● **TASK INSTRUCTIONS**
What is needed is the exact text of each line in the listing below from the one with "London Cycling, Near" up to and including the one with "asbestattest oost-vlaanderen", and no pictures.

Top of ENTRIES SUPPLIED

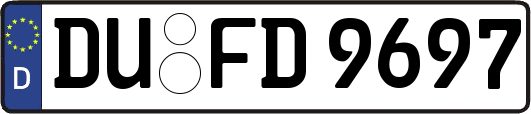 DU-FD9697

Bottom of ENTRIES SUPPLIED
Top of ENTRIES SUPPLIED

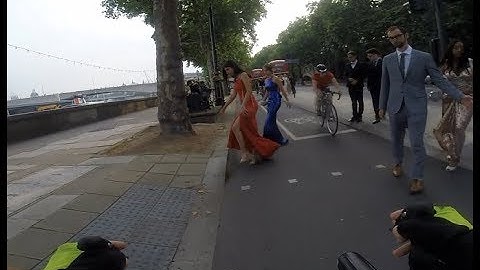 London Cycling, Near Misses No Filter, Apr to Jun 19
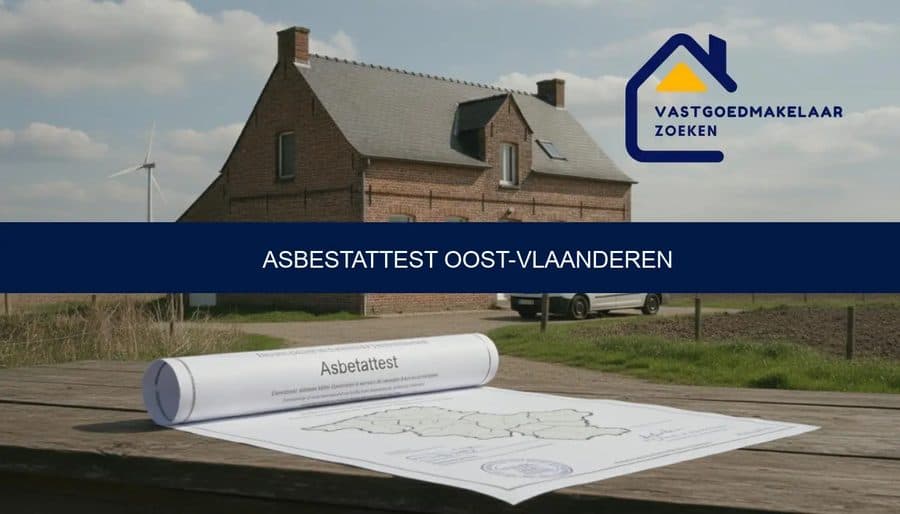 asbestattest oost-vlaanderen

Bottom of ENTRIES SUPPLIED

● **WRITTEN RESPONSE**
 London Cycling, Near Misses No Filter, Apr to Jun 19
 asbestattest oost-vlaanderen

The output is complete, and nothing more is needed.